Annif icon indicating copy to clipboard operation
Annif copied to clipboard

BERT Backend

Open lunactic opened this issue 2 years ago • 2 comments

Hello

I am currently working at Swiss National Library experimenting with Annif for the automatic generation of Dewey numbers. In that process I started experimenting with BERT approaches as explained here: https://www.sbert.net/examples/applications/semantic-search/README.html#semantic-search

First tests indicate that this approach could work very well. Would this be interesting to the whole Annif community. If yes then I could check if I'll find the time for creating a PR that implements this as a backend for Annif.

The approach that I would follow is to to create the embeddings for the training corpus when annif train is used and store them as a pickle file for use later. The methodology would also allow for "retraining", meaning embeddings of new documents could simply be appended to the existing training corpus.

lunactic avatar Sep 26 '22 08:09 lunactic

Hello @lunactic , thank you for the suggestion!

There is already some work being done to integrate Annif with language models, mainly by integrating the XTransformer model from PECOS in PR #540 by @mo-fu . But what you propose seems somewhat different.
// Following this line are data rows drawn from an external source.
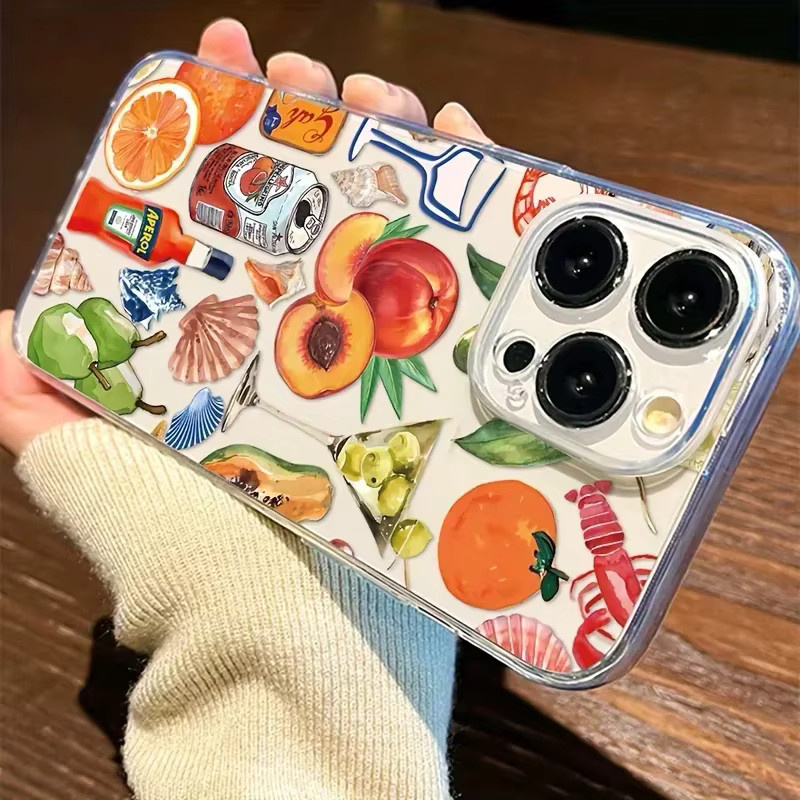 Transparente iPhone Schutzhülle mit Sommer Obst und Getränke Design für Apple iPhone 11 bis 17 Pro Max Mini und SE - Bild 3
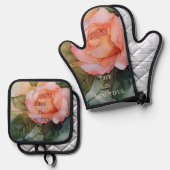 ロマンチックなピンクのバラの花のブライダルシャワー 鍋つかみ&鍋敷きセット (正面/裏面)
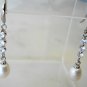 Sterling Silver 925 White Pearl Dangle Earrings 6-7mm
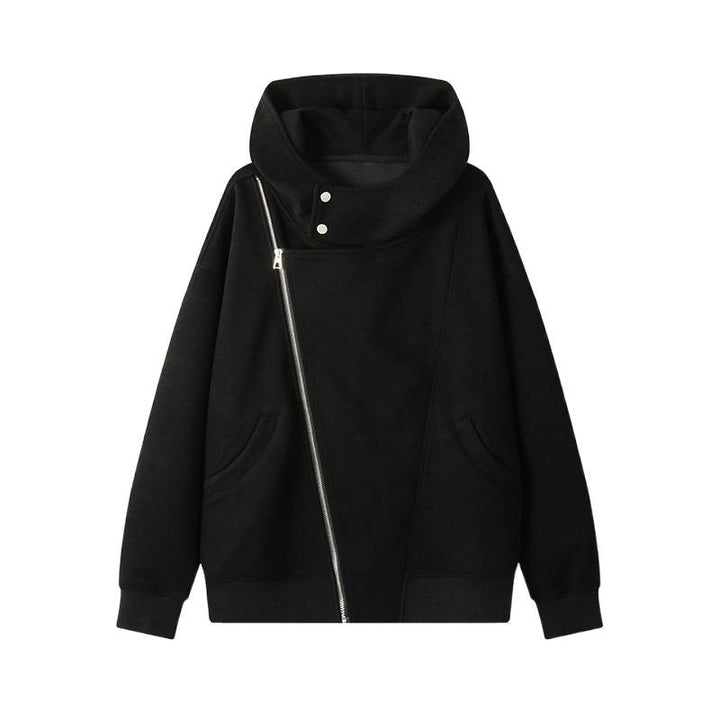 Damen nan asymmetrischer Kapuzenpullover mit hohem Kragen, diagonalem Reißverschluss und Kängurutaschen Drune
The idea of semantic search is not new but actually implemented already in the simplest Annif backend, tfidf. But of course it doesn't use a language model, it just converts the text from the training documents (aggregated by subjects, so e.g. all text related to the subject "cars" is concatenated into a single virtual "document" representing the subject "cars") into tf-idf vector space and then at suggest time, the input is also converted into a similar vector and the nearest neighbors (subjects) returned. Conceptually what you propose seems similar, except that instead of simple tf-idf vectors, you would use embeddings from BERT or some other language model.

Do you have any idea of how accurate this kind of model could be, for example for Dewey classification? Did you compare it with other approaches? I've had quite good results on DDC classification with SVC and Omikuji Bonsai, which both achieve pretty similar accuracies. If your approach (which would undoubtedly be way more resource-intensive) would be more accurate than this "baseline", that would be interesting and support the idea of integrating it with Annif.

As I understand it, XTransformer is specifically tailored for extreme multi-label classification problems, which are typically very challenging because of large vocabularies (many classes/labels), big training corpora with skewed distributions etc. You may want to look at that as well - the PR is already usable and the documentation for how to use can be found in the comments on GitHub.

osma avatar Sep 26 '22 09:09 osma

Just wanted to add some reading material for semantic search on dense word vectors:

  • https://arxiv.org/abs/1908.10084 General Approach for simmillarity on word vectors
  • https://arxiv.org/abs/2109.04404 Investigates what Layer of the network to use as representation and how to diminish curse of dimensionality.
  • https://few-shot-text-classification.fastforwardlabs.com/ Hands on description on alignment of different embedding techniques (e.g. one for vocabulary terms and one for documents) The details of the technique can be retrieved from the notebooks provided.

As mentioned by @osma this does not yet handle the label distribution issue of XML problems. But can probably combined with the clustering techniques in Parabel/Bonsai. The Omikuji library even has the option to only learn the label tree.

mo-fu avatar Oct 07 '22 09:10 mo-fu